Chi ha frequentazioni maggiori delle mie con le Sacre Scritture ha senz’altro riconosciuto la derivazione biblica della frase latina che ho riportato all’inizio dell’articolo. Essa è stata ricavata dal Libro Ecclesiastico, o Siracide (38, 1), da non confondere con l’Ecclesiaste (o Qoelet), di ben diverso spessore poetico. Per me, da ignorante qual sono non solo in queste cose, è stata una scoperta recente, resa ancora più sorprendente dal fatto che la citazione risulta manipolata subdolamente. La versione originale infatti suona: “Honora medicum propter necessitatem, et enim…” con quel che segue che diventa, nella traduzione ufficiale: “Onora il medico come si deve secondo il bisogno…”          Parrebbe di capire, ma questa è un’interpretazione del tutto personale, che la frase non significhi trattare con gli onori dovuti la persona del medico sempre e in ogni caso, ma mandare ad effetto gli impegni presi con lui per la cura. Come si onora, insomma, una cambiale, ma sempre nella consapevolezza che solo “dall’Altissimo viene la guarigione”.
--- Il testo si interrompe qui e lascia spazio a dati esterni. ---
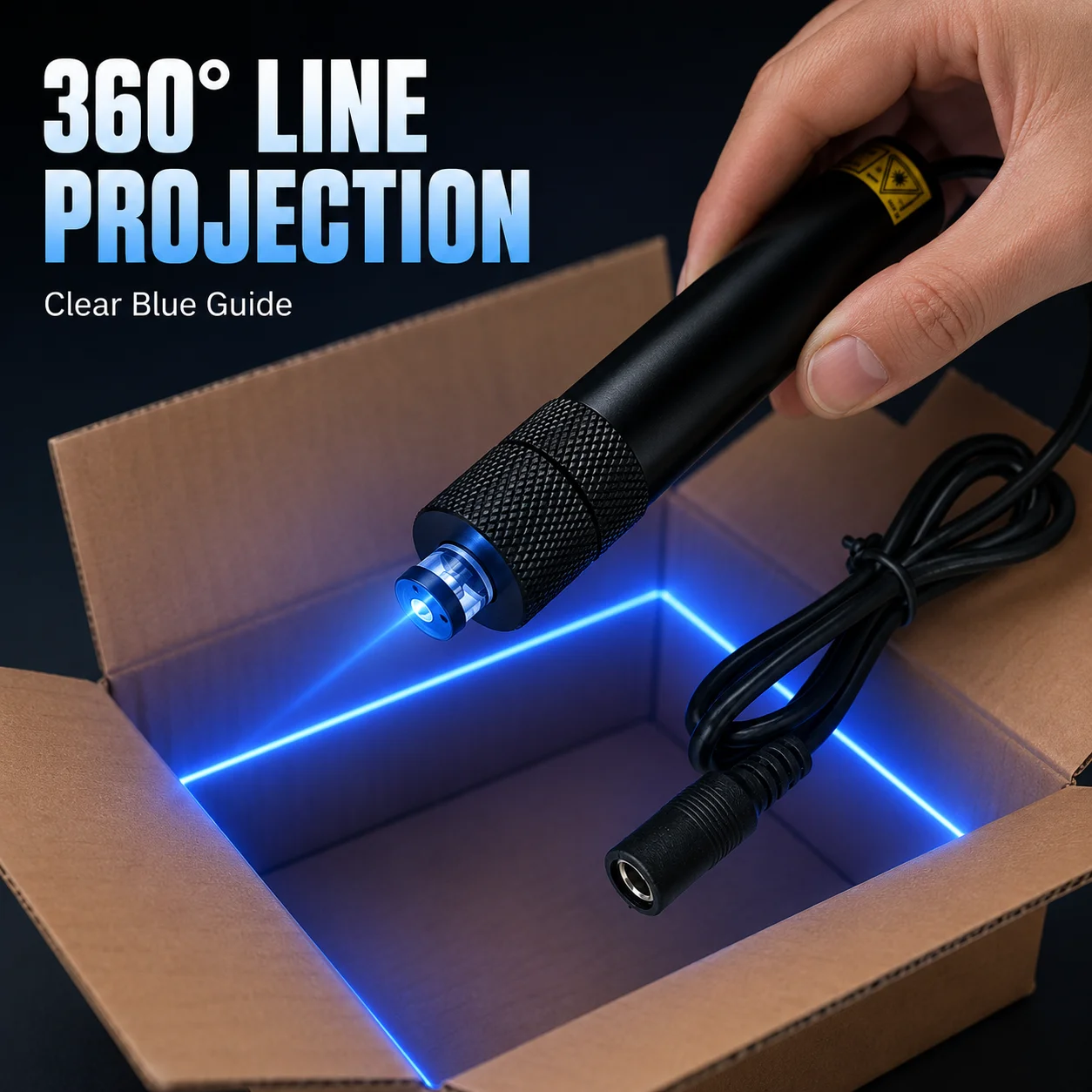 ZhonNa 450nm 80mW Bleu 360 °   - Industrial Laser Alignment Equipment avis et prix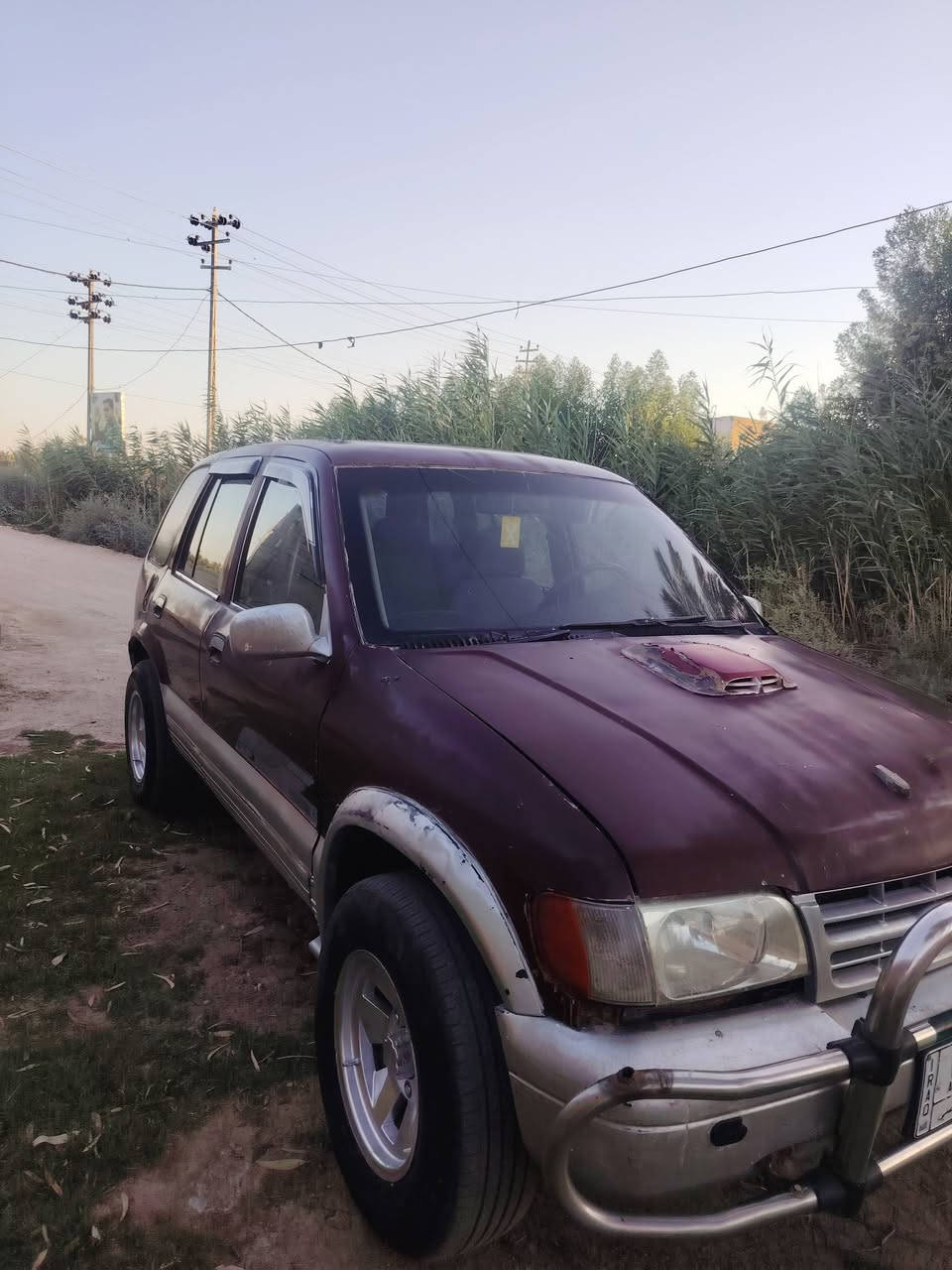 كيه سبورتج موديل 94جاهزه مكينه وكير بحاله جيده حداديه زينه تير زين رقم نجف مشروع وطني الشرعي بل ناصريه حاظر التحويل السعر 28العنوان ناصريه سوق الشيوخ
***********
         Un ridimensionamento non da poco di un’affermazione presuntuosa. E così ridimensionata, la si potrebbe quasi considerare un’anticipazione del consenso informato.
         Per i motivi che qui ho esposto se, per assurdo, mi fosse concesso di ridisegnare il mosaico che orna l’ingresso di quell’importante ospedale, io semplicemente, ma orgogliosamente, vi scriverei: “Honora infirmum”, senza aggiungere altri fronzoli superflui.